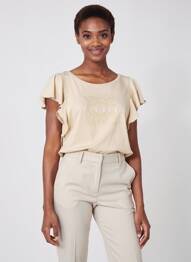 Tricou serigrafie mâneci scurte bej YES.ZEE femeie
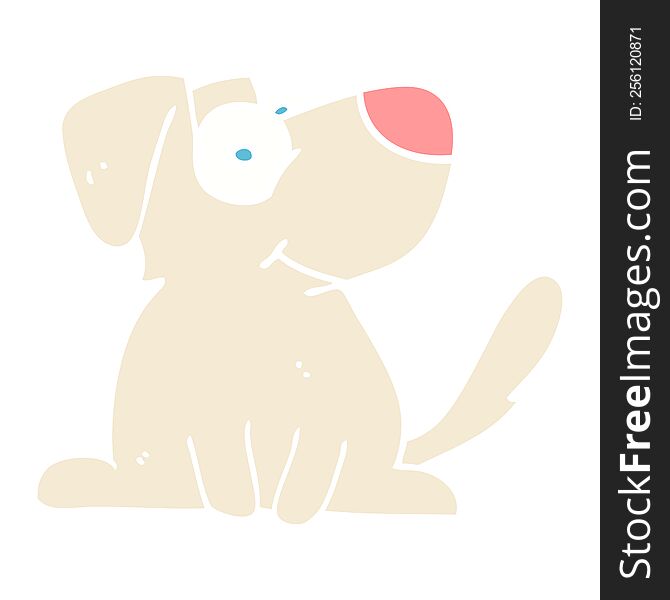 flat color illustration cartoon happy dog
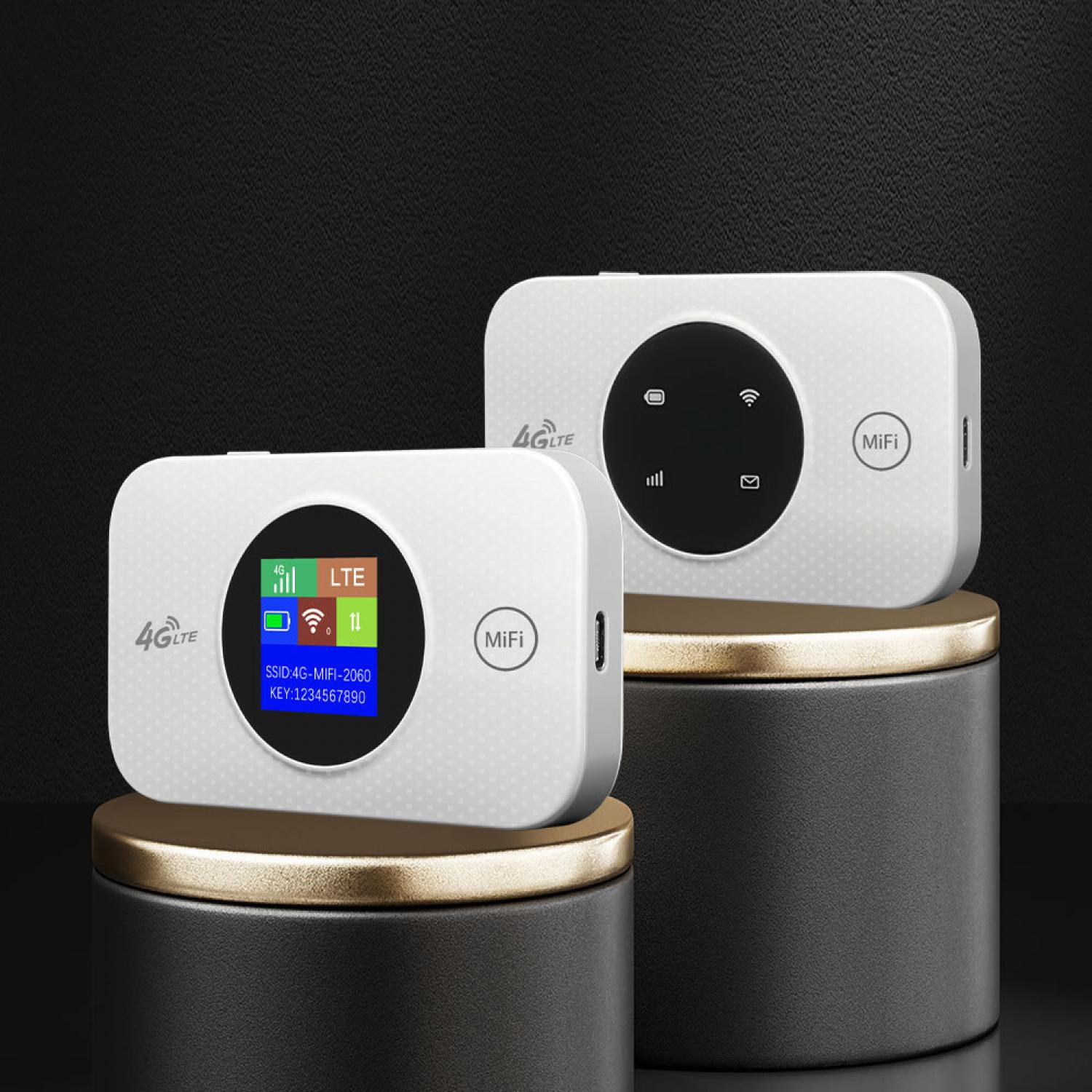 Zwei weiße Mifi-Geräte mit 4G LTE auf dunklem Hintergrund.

TASK GOAL
The data needs to be reproduced exactly, please, apart from its pictures.

SOLUTION FOR THIS TASK
 Tricou serigrafie mâneci scurte bej YES.ZEE femeie
 flat color illustration cartoon happy dog
 Zwei weiße Mifi-Geräte mit 4G LTE auf dunklem Hintergrund.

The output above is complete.